Second, are there any rules about authors in the running leaving reviews on other authors' excerpts? I'm certain that there will be excerpts I'll love, and I'd want to review those, but Amazon has been pretty strict about authors reviewing other authors' work in the past, and this seems like a prime example of something they might find to be a conflict of interest. (And, well, it really would be.) Apologies to anyone who's on the ABNA boards and saw me ask this twice!


----------



## vrabinec (May 19, 2011)

Nobody EVER leaves KB. They go on sabbaticals and walkabouts, but I'm convinced they all return.  Some might change their name along the way, but they're here.  Even Amanda. Excuse me now, I think I hear the Easter Bunny outside my window.


----------



## Steve W. (Feb 23, 2011)

I wonder if the ABNA will ever open up a middle grade category. They could still have a higher word count if that's what they're looking for. I'd like to see that happen


----------



## momilp (Jan 11, 2010)

I am out, but I did better than last year  Congrats to all of you who made it and good luck!


----------



## jcfalch (Apr 12, 2013)

Jan Hurst-Nicholson said:


> I thought I'd wait until the reviews come out before saying anything. If they're good I can include them with my announcement - and if not so good, maybe not


Yeah, I guess that's the smart thing to do. Thanks Jan!


----------



## callan (Feb 29, 2012)

Reviews are up--

whew. I might become useful at work once more.


----------



## moirakatson (Jan 11, 2014)

Reviews are in! Whee!


callan said:


> Reviews are up--
> 
> whew. I might become useful at work once more.


Likewise! Whew.


----------



## Indecisive (Jun 17, 2013)

OK, so I just checked mine and they're both just about the excerpt, and really quite positive  . I guess we wait until after the next cut to get the feedback on the full novel? Still very nice to read the compliments!


----------



## moirakatson (Jan 11, 2014)

This round was just based on the excerpt, yes - in the next round, PW readers will be looking at the whole manuscript. Two months to wait! (That won't be agonizing at all! Not at all! *eyetwitch*)


----------



## callan (Feb 29, 2012)

moirakatson said:


> ...! (That won't be agonizing at all! Not at all! *eyetwitch*)

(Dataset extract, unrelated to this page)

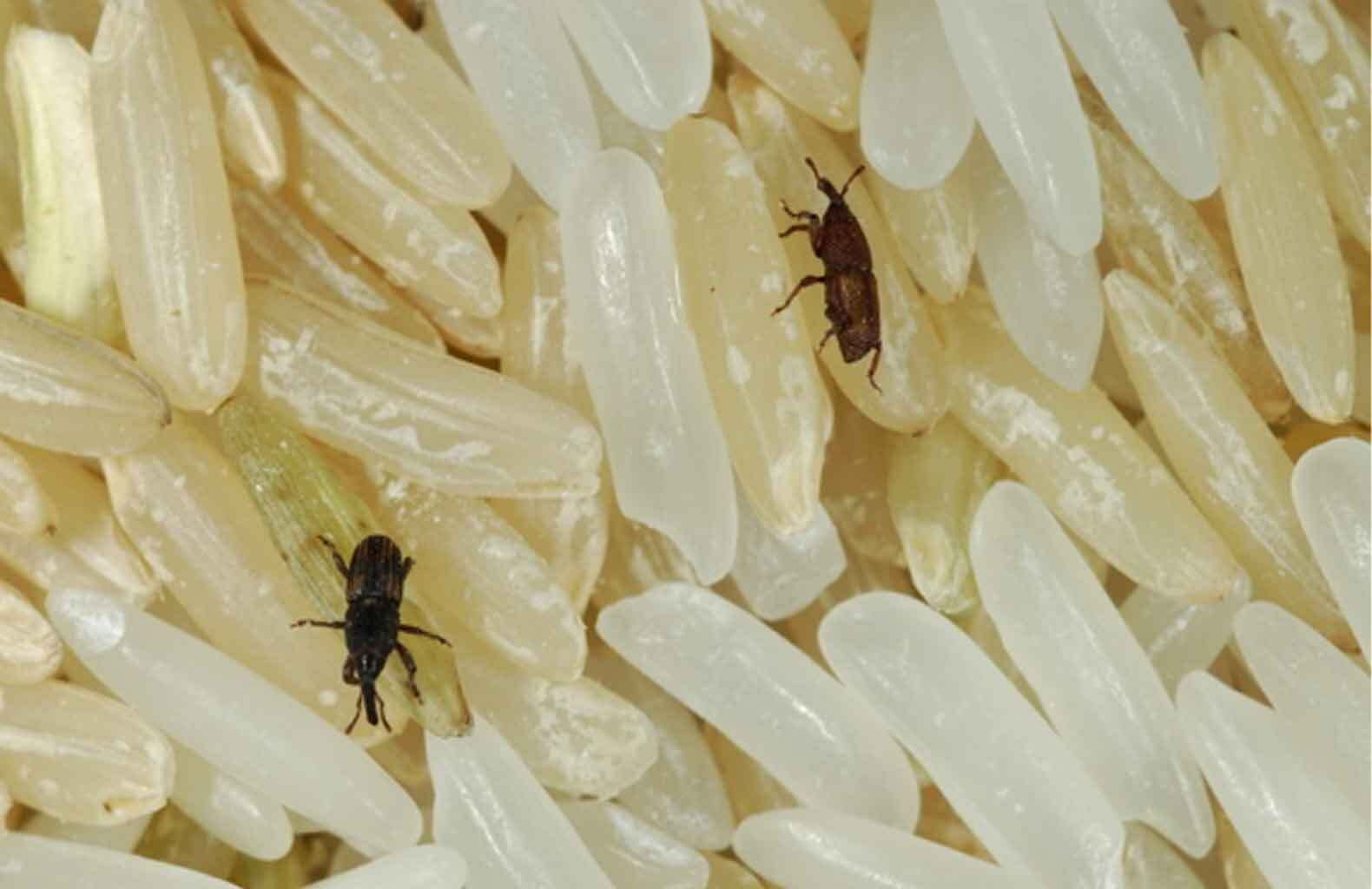 Stored product pest control by Hamro Best Pest for pantry and food storage pests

passes over the bottle of Bailey's Irish Cream.


----------



## kcochran (Apr 30, 2012)

You can find all the excerpts along with part of their reviews by going to the Kindle Store and typing in ABNA 2014 entry.


Moira and Amelia... I found yours by searching on the name of your entry.  You both received great comments!  Congrats!

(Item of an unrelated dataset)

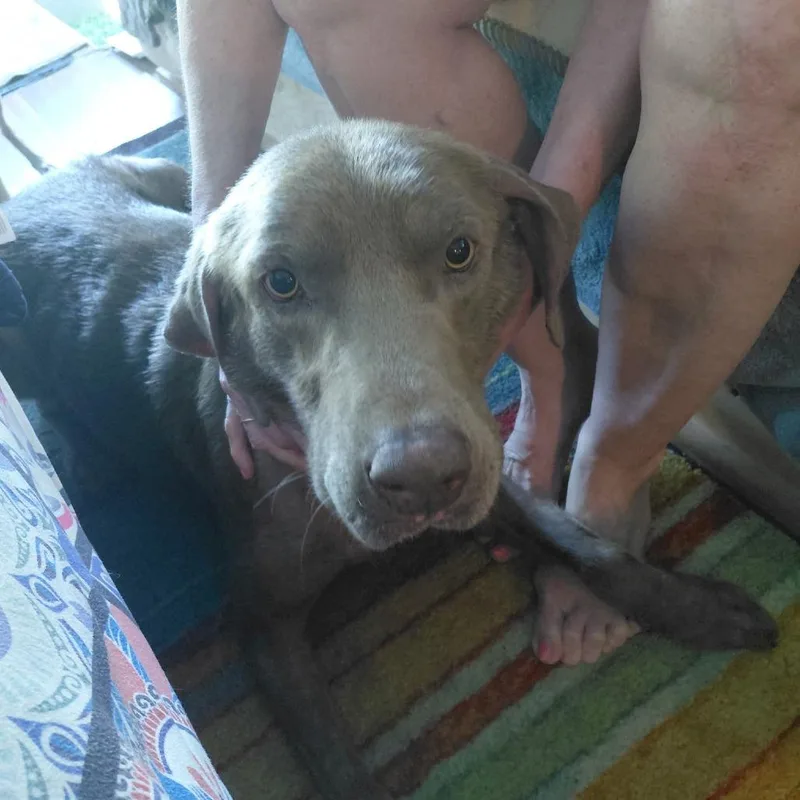 An adult large-sized male Gray / Blue / Silver Labrador Retriever dog named Taysum for adoption in New Orleans, LA
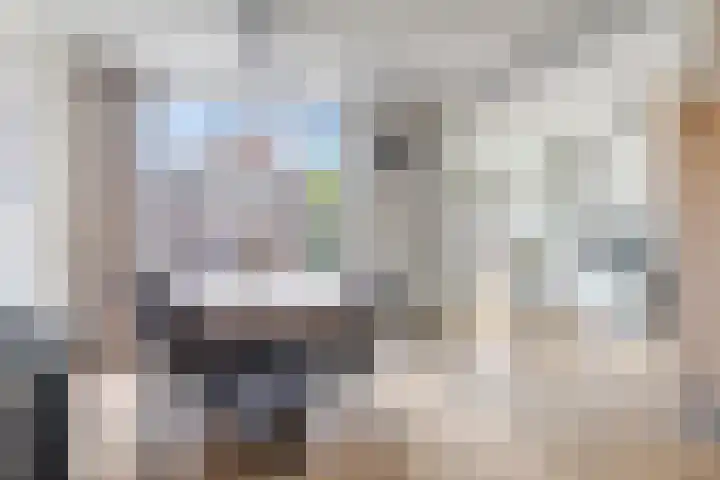 Stijn Streuvelslaan 31 Bladel thumbnail 16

I was very happy with my comments as well...one even offered advice that they thought would make it the perfect read.  It is so nice getting constructive reviews. 

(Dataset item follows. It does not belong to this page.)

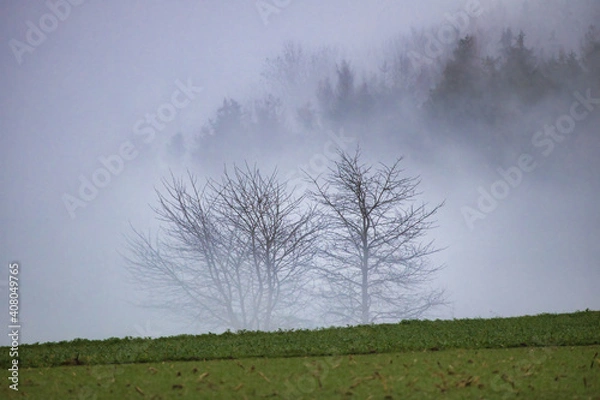 Obraz Bäume im Nebel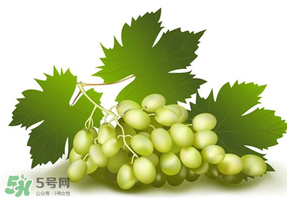 青提不能和什么一起吃？青提哪些人不能吃？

Looking forward to the PW reviews (I hope!).


----------



## kcochran (Apr 30, 2012)

jcfalch... your comments were great too!

I'm not quite sure why the reviewer commented on it being more like an opening chapter instead of an excerpt because isn't that what an excerpt is as defined by amazon's rules of entry?  The first so many words from the beginning of the book?  

The rest is all great quotable material I think.


----------



## moirakatson (Jan 11, 2014)

Thanks, Kelly! I had tentatively decided to publish the book on the 25th (I checked with Amazon, they're cool with it), and so I was glad to see that the reviews were not suggesting huge rewrites.

Now I'm obsessively refreshing the Amazon page...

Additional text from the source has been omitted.